Asked about the optics of denying Cohen access to the plant last week, Kurtz said, “Well, I wasn’t there to actually know how the decision was made, but I can tell you that local teams were following the safety guidelines that are in place.”

Other elected officials on hand for the protest included State Reps G.A. Hardaway, Jessie Chism, and London Lamar. Members of #BlackLivesMatter, Fight For 15 and the Memphis Bus Riders Union also participated.

Nelson said her XPO plant employs many African-American and Latina women, who find themselves subjected to sexual harassment and demeaning treatment by XPO management, who are mostly white men.

“(There’s) groping and grabbing, sexual comments, supervisors forcing themselves on women while they work, and women being forced to take off their bras before coming onto the warehouse floor,” Nelson said.

“And if we report it, we may be out of a job.”

Kurtz stressed that worker unrest is being driven by union organizers.

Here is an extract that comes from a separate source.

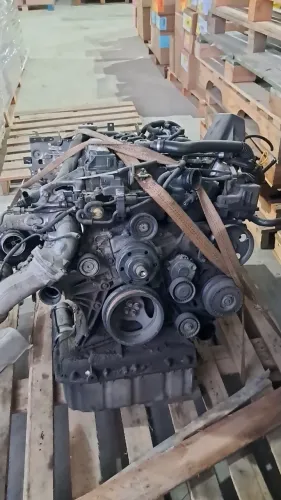 Motor sprinter 415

“I was in Memphis not too long ago, and I visited the site there,” Kurtz said. “Our employees are upset that the company is being portrayed like this. That is because they love their jobs.”

Nelson said that most of her coworkers want a union, but are afraid of management. “We have been threatened with losing our jobs and with other types of retaliation if we join any protests,” she said.

“But I am ready to take the pain, to carry this burden, to walk this journey,” she continued, “so my children and grandchildren won’t have to.”